The Arcade, Training, and VS modes are the standard stuff. The big unique mode is the Quest mode which sees you taking a single character from Arcade to Arcade challenging the locals and entering tournaments. It's a much different take on a quest. (Well, what do you expect from Sega?)
The 360 version released a year after the PS3 version, and it was worth the wait because of one major addition: XBOX LIVE PLAY!!! Now, Americans get the chance to get schooled by the Japanese players who took the Virtua Fighter courses (yeah, those REALLY exist!) without the humiliation of entering a public tournament. There are Leaderboards for Arcade and Training and VF.TV for watching ongoing matches. The online offerings are slim, but the fact that the game is, for the most part, lag-free, it kicks ass!

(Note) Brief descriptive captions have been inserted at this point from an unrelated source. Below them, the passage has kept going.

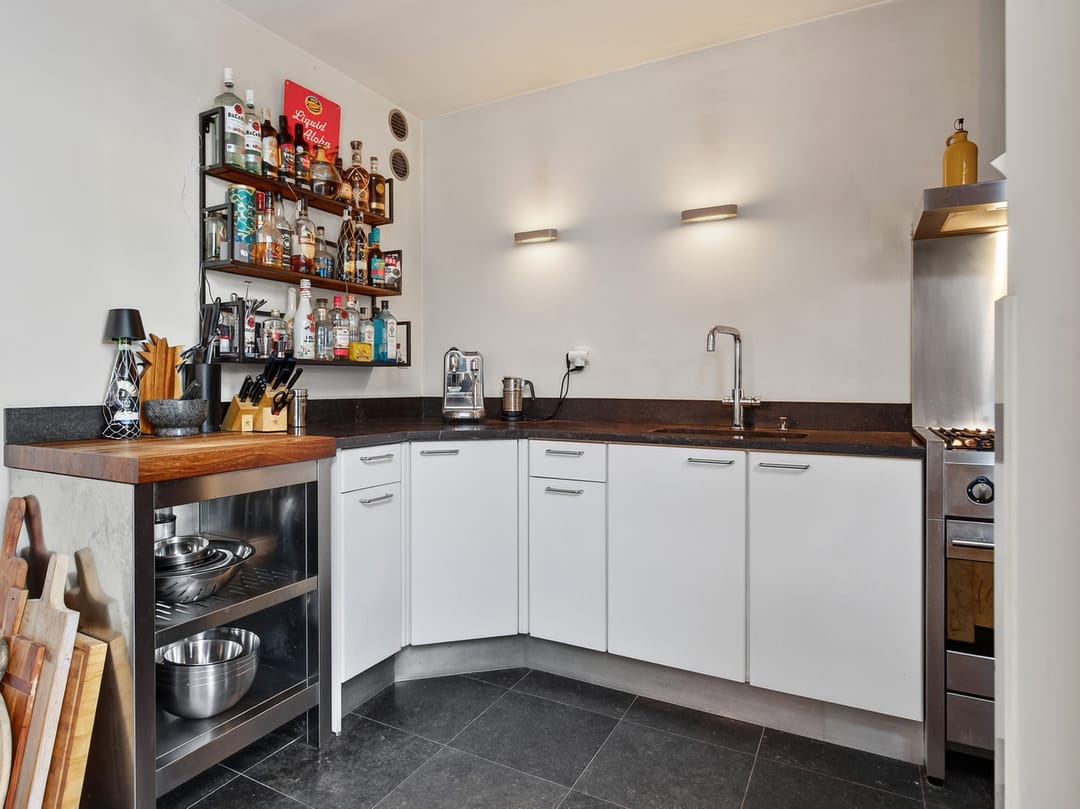 Foto 16 van Drachmenruwe 21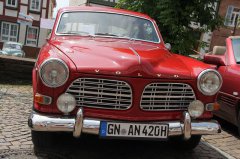 k-IMG_8310.jpg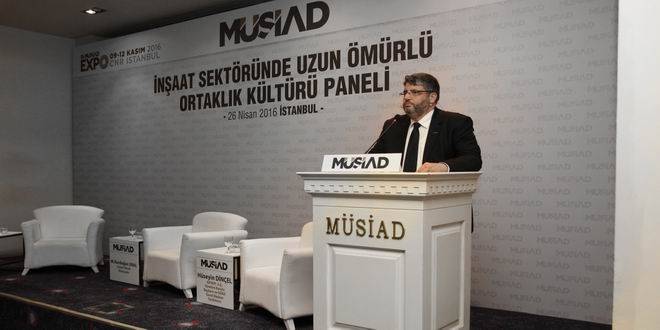 müsiad2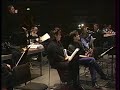 Karita Mattila is Elsa from \"Lohengrin\" - Duet with Ortrud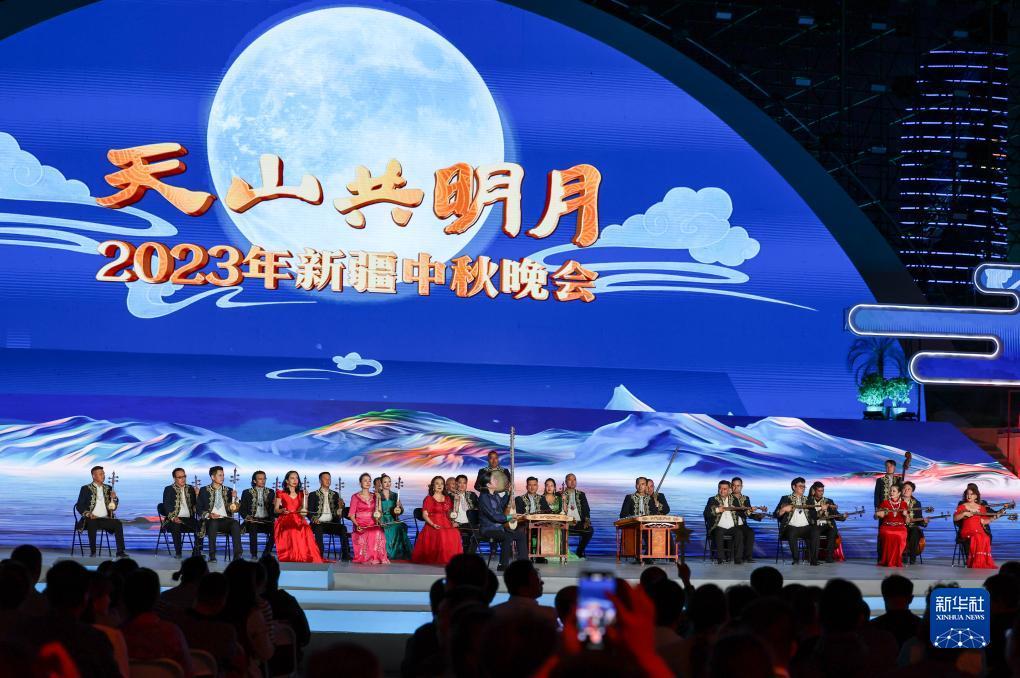 天龙集团 柬埔寨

All of the Achievements can be done in single-player, and most are meant for insane completionists, including beating ALL opponents in each of the Quest arcades and earning the highest rank with one fighter. It's a shame that the online play didn't factor into the Achievements since that was the big thing the 360 version had over the PS3.
Virtua Fighter 5 is a masterwork of fighting game design. It is one of the only fighting games where flailing gets you nowhere and where practice and dedication reward in spades. Pick it up, and give me a shout-out if you want a match!